Redesigning the Point of Sale Experience for Small Businesses

Year 2024
Client E-POS Solutions Inc.
Role Lead Product Designer
Duration 3 years
EPOS System in use

Overview

I led the end-to-end design of a modern point-of-sale system for restaurants and retail businesses. My focus was creating an interface that balances powerful functionality with simplicity, enabling staff to process transactions efficiently while business owners gain valuable insights into their operations.

Through research across retail and F&B businesses, I identified that the core issue wasn't missing features — it was the inability of POS systems to translate operational complexity into usable workflows.

Modern POS platforms must support:

  • End-to-end inventory lifecycle (stock-in, stock-out, wastage, reconciliation)
  • Complex promotion engines (stacking rules, conditional pricing, combo logic, time-based campaigns)
  • Diverse payment and settlement models (split payments, partial payments, multi-method transactions)
  • High-pressure transactional scenarios (bill split/merge, table transfer, post-order item edits)
  • Role-based permissions and approval hierarchies
  • Multi-layer reporting for operational and strategic decisions

Most systems either over-engineered configuration layers that overwhelmed frontline staff or oversimplified workflows that collapsed under real-world edge cases.

This operational-UX gap resulted in:

  • High cognitive load during peak hours
  • Transaction errors and manual overrides
  • Long onboarding cycles for new staff
  • Underutilized reporting capabilities
  • Friction between business goals and daily operations

The challenge was designing a scalable operational system — not just an interface — that could adapt across different business models while maintaining speed and clarity.

A Day in the Shop

Early in the project, I spent a full day at a busy café during their peak hours, standing beside the cashier counter and observing how staff actually used their current POS system. What I witnessed completely changed my design direction. The cashier, Maria, was incredibly fast—but not because the interface was well-designed. She had memorized where every button was located and could tap through orders without looking. But when a new employee took over during the lunch rush, everything fell apart.
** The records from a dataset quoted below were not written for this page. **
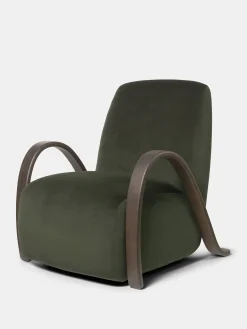 Buur Lounge Chair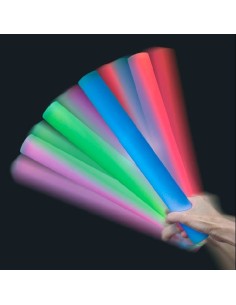 Barras sensoriales de foam
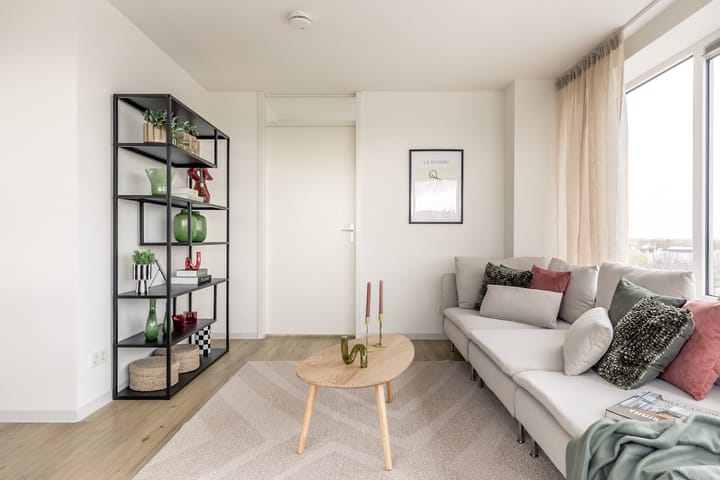 Foto 11 van Prins Bernhardlaan 2-T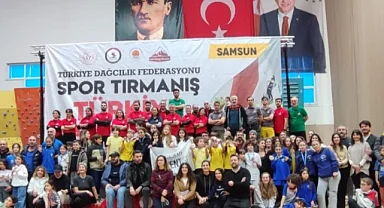 İnegöl Belediyespor Sezonu 3 Türkiye Şampiyonluğu İle Tamamladı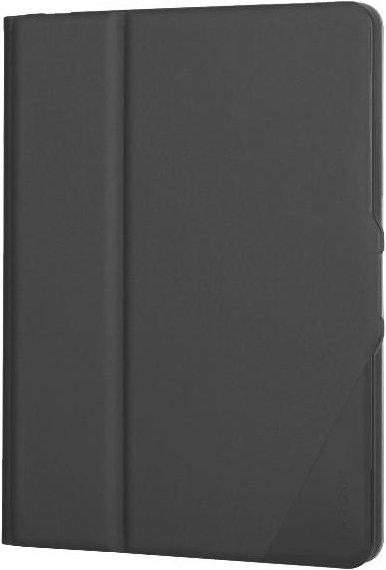 Antimikrobielle Versavu Slim-Hülle iPad - schwarz Tablet-Hülle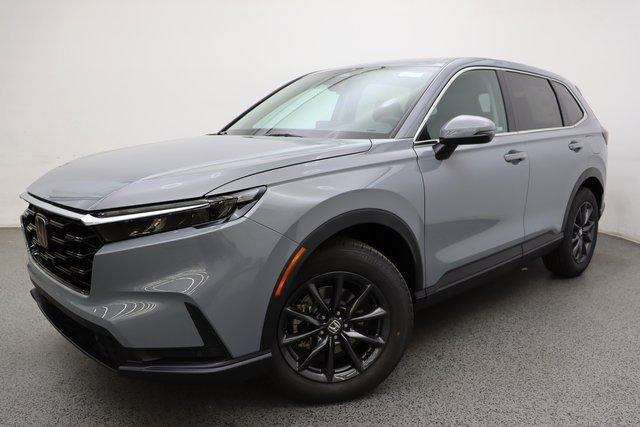 new 2026 Honda CR-V car, priced at $36,963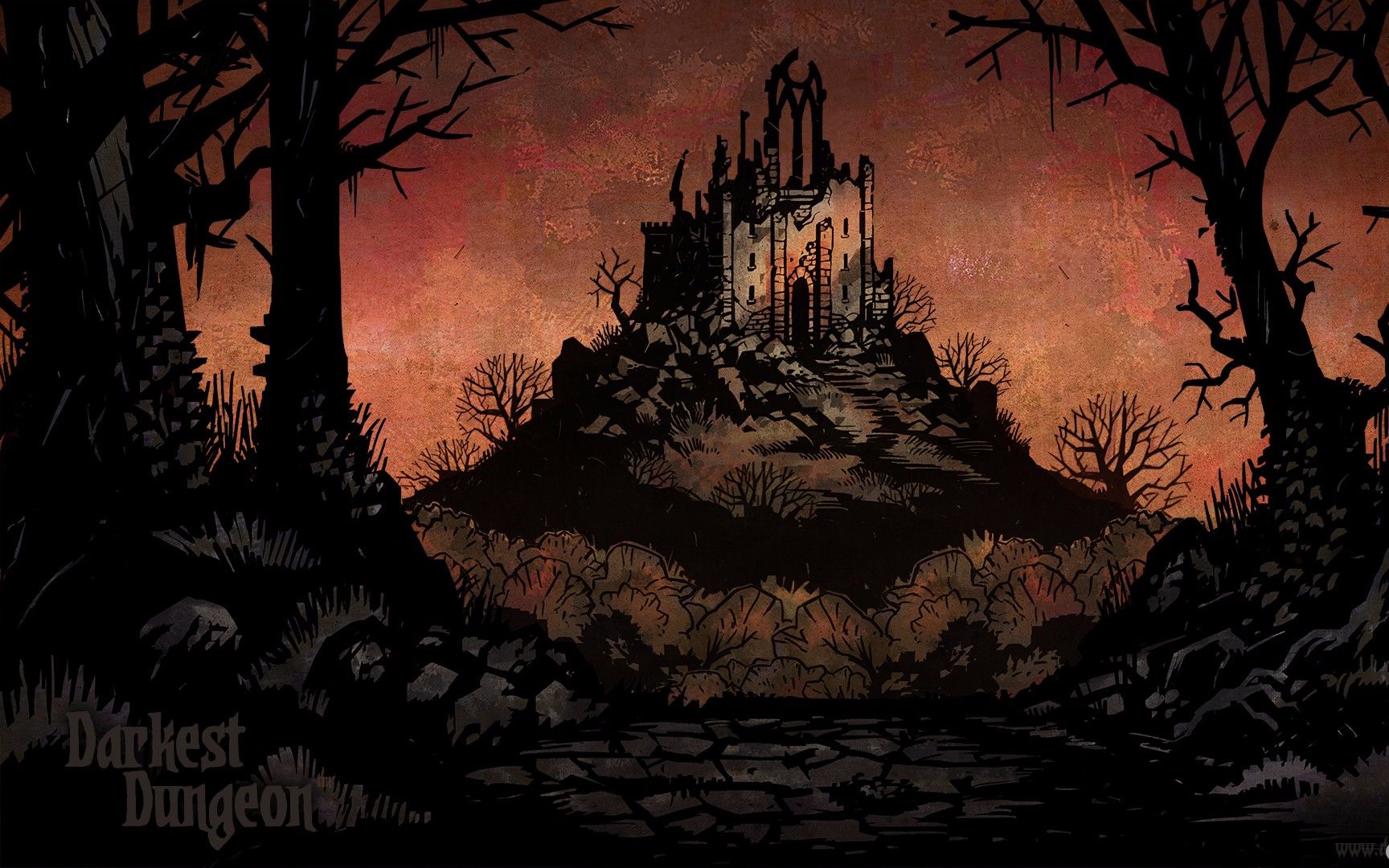 车老板的暗黑地牢p1欧洲人莫泰bilibili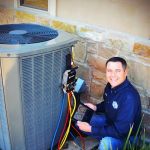 Wilks Air Conditioning & Heating
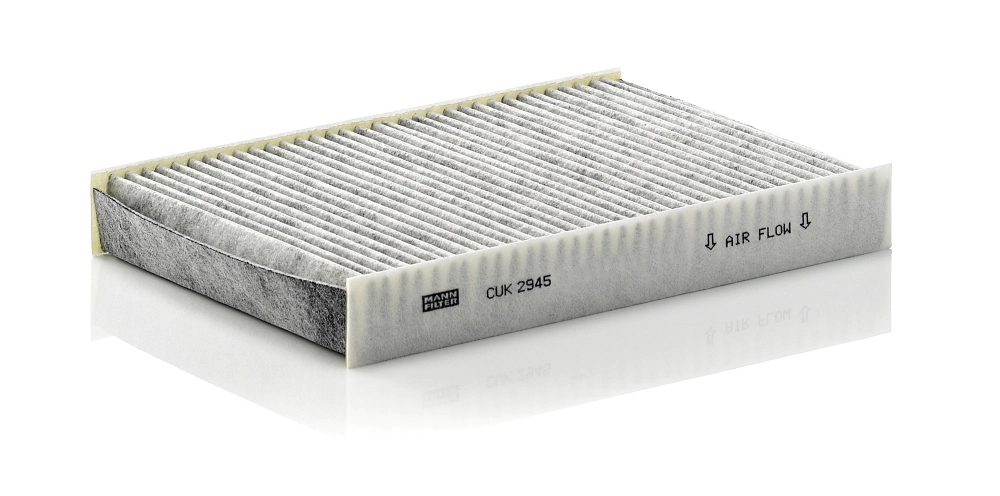 CUK2945 Mann-Filter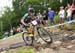 Mont Ste Anne World Cup 2013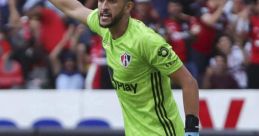Cristian camilo Vargas Martínez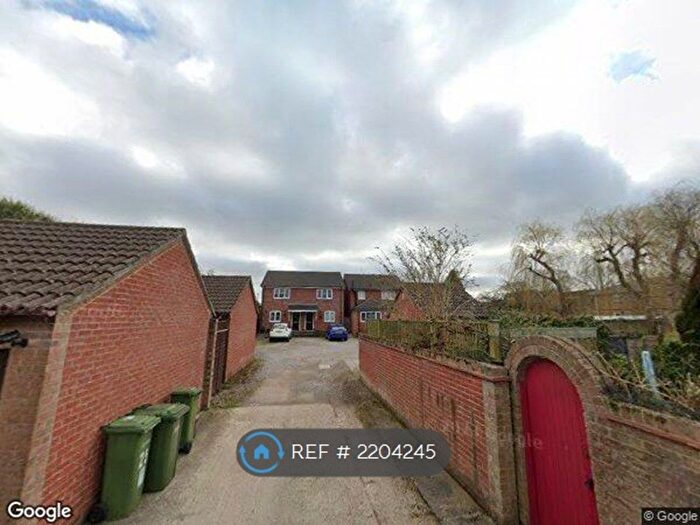 3 Bedroom Semi-Detached House To Rent In The Meadows, Horton Heath, Eastleigh, SO50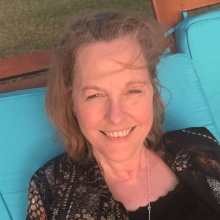 Linda Staheli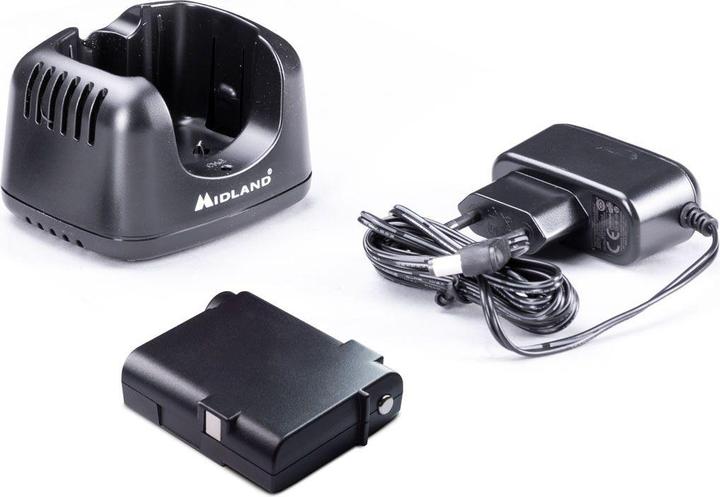 Immagine prodotto Midland G9 Pro (12 km)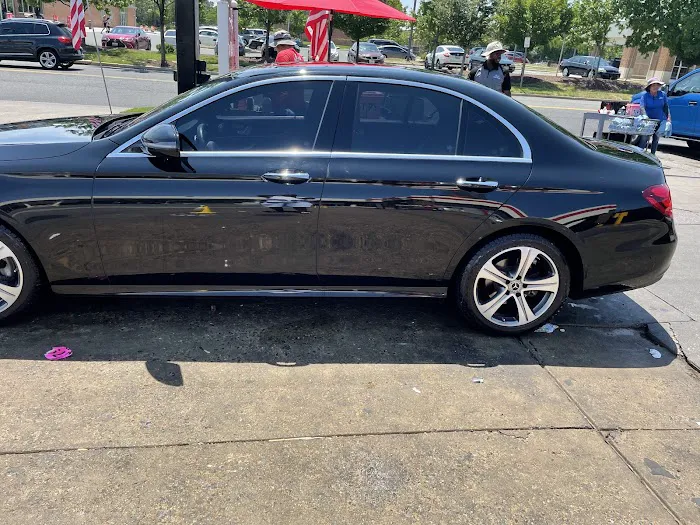 Car Wash 6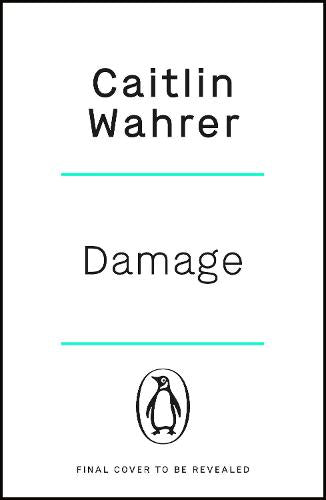 Damage: An unputdownable and emotionally gripping debut with a twist you won’t see coming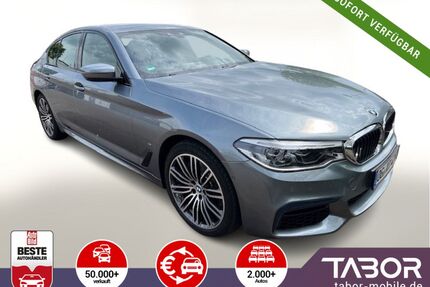 BMW 530 Gebrauchtwagen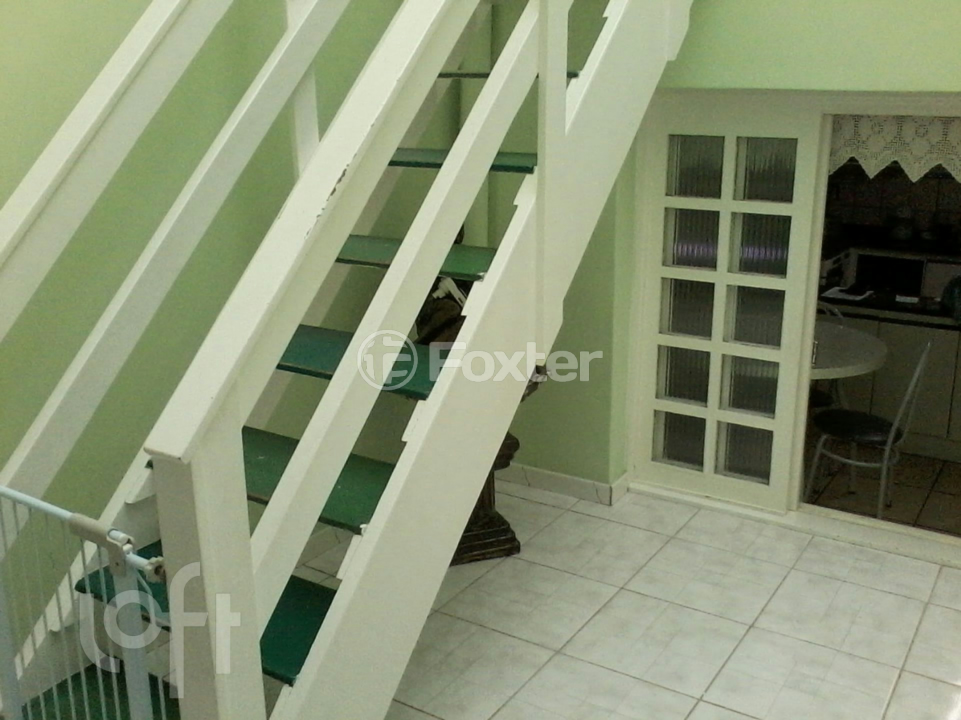 Casa à venda com 4 quartos, 257m² - Foto 20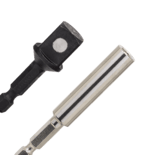 接頭與鑽頭固定座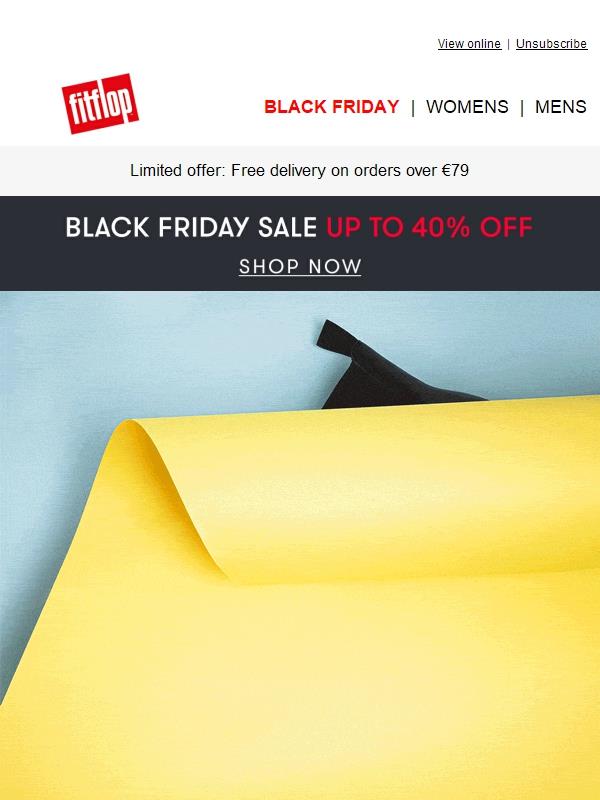 Sale Stars in Black And Blue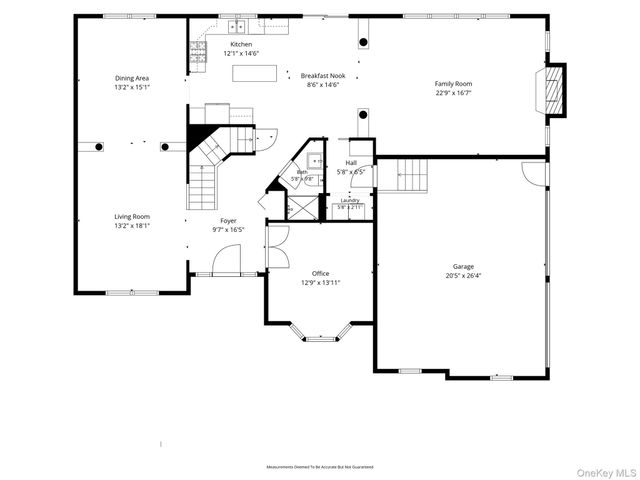 5 Sherwood Court, Highland Mills, NY 10930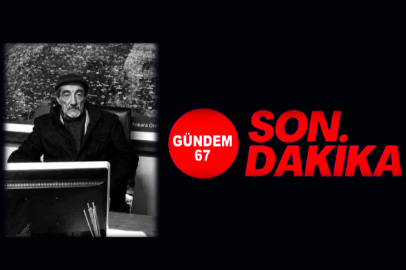 Bekçi Kerim Tilkicik hayatını kaybetti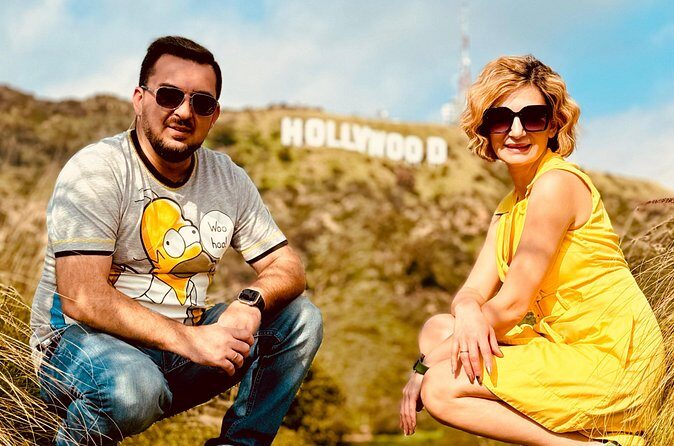 Hidden Los Angeles Private Photo Tour - Best for social media - Final Thoughts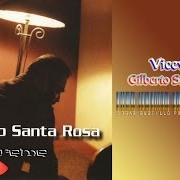 El texto musical NO PENSE ENAMORARME OTRA VEZ de GILBERTO SANTA ROSA también está presente en el álbum Viceversa (2002)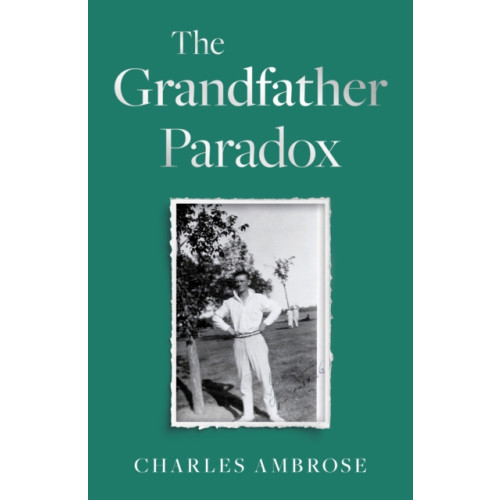 Troubador Publishing The Grandfather Paradox (häftad, eng)
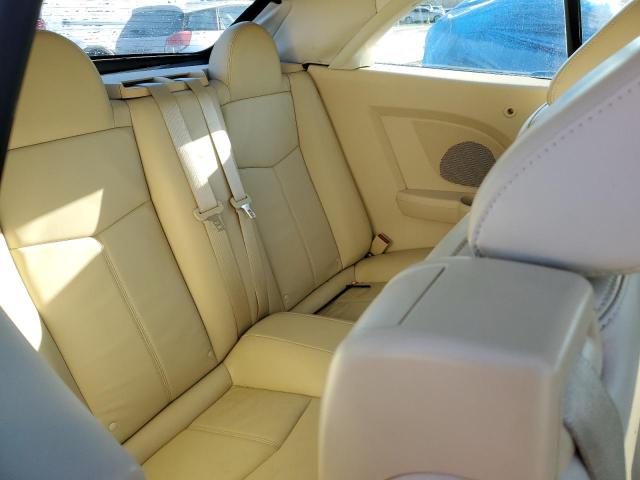 Photo 10 from auction – 2008 CHRYSLER SEBRING LI with VIN 1C3LC65M58N150191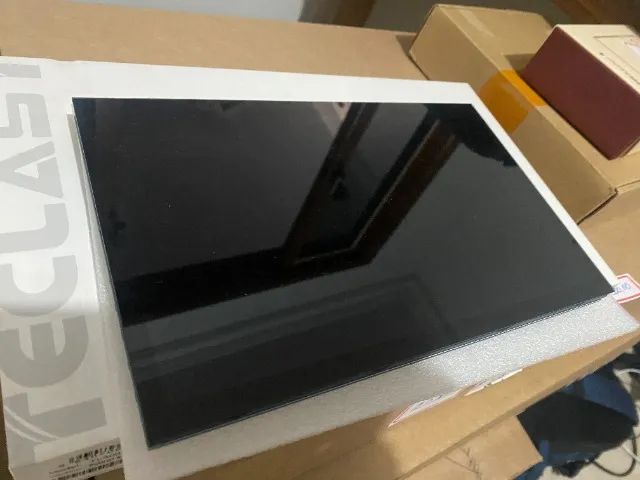  Monitor Hdmi 10 polegadas Lcd 1024x600 pxl   - Foto 2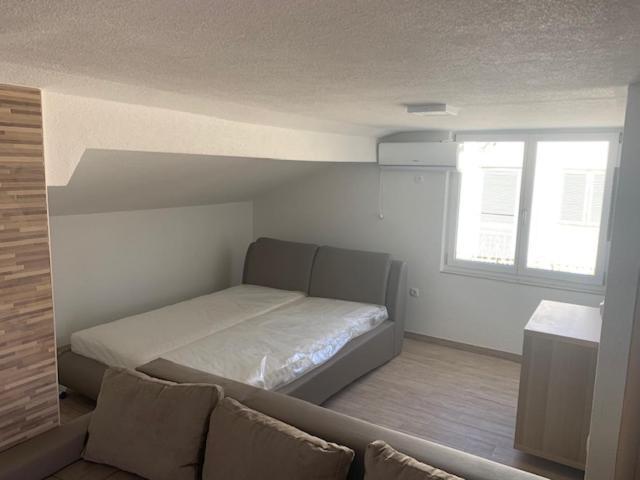 Apartmani Dobra Villa Vodice Exteriér fotografie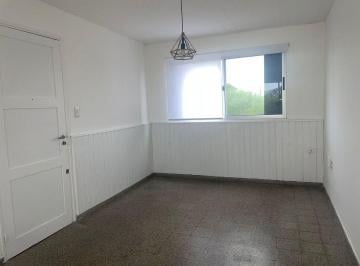 Departamento · 60m² · 3 Ambientes · Alquiler Apartamento 2 Dorm. en Inve Pando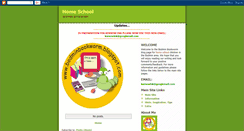 Desktop Screenshot of bodminbookworm-homeschool.blogspot.com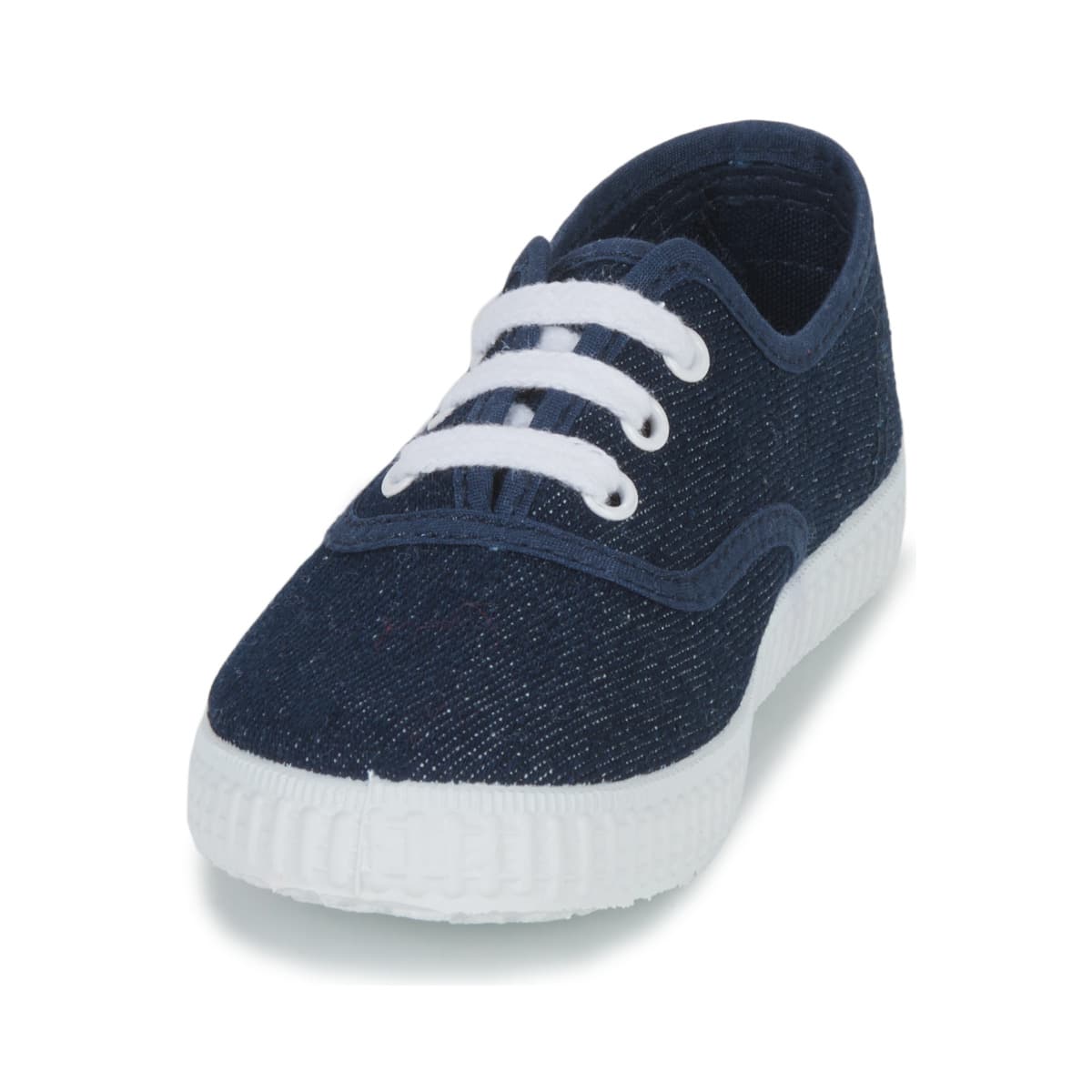 Girls' Sneakers Citrouille et Compagnie Blue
He kept tapping the wrong items, struggled to find the discount button, and had to squint to read the small text labels. That's when it hit me: this wasn't about creating a beautiful UI with trendy gradients and animations. The real needs were far more practical—quick response times (every millisecond counts during rush hour), high contrast text that's legible even under bright café lighting, large touch targets to prevent misclicks when you're moving fast, and a clear visual hierarchy so new staff can find functions without extensive training. I watched Maria handle 150+ transactions that day, and I noticed she never scrolled, never hesitated, and never had to search for buttons. That became my north star: design a system so intuitive that it feels like an extension of the cashier's natural workflow, not a obstacle to overcome.

A day in the shop

Design Showcase

POS Front End

The main cashier interface designed for speed and accuracy during high-pressure situations

Back End Dashboard

Analytics and management interface for business owners and managers

Mobile Ordering App

Native mobile app for customers to order ahead and earn rewards

Outcomes & Impact

Built from zero into one of Singapore's leading POS platforms — trusted by thousands of businesses by 2021.

87% faster

Average transaction completion time reduced from 45s to 6s based on time-on-task measurements across 500+ transactions

92% satisfaction

System Usability Scale (SUS) score from staff after 30 days, up from 58% with previous system

45% fewer errors

Order accuracy improved significantly due to clear visual feedback and confirmation patterns

2 hours to proficiency

New staff onboarding time reduced from 8+ hours to under 2 hours without sacrificing capability

Key Learnings

  • 1 Testing in real-world conditions during peak hours revealed issues that lab testing missed, particularly around speed and error recovery.
  • 2 Staff and owners had very different needs - creating separate but connected interfaces proved more effective than a one-size-fits-all approach.
  • 3 Offline-first design was non-negotiable for reliability, which shaped early architectural decisions and informed the entire experience.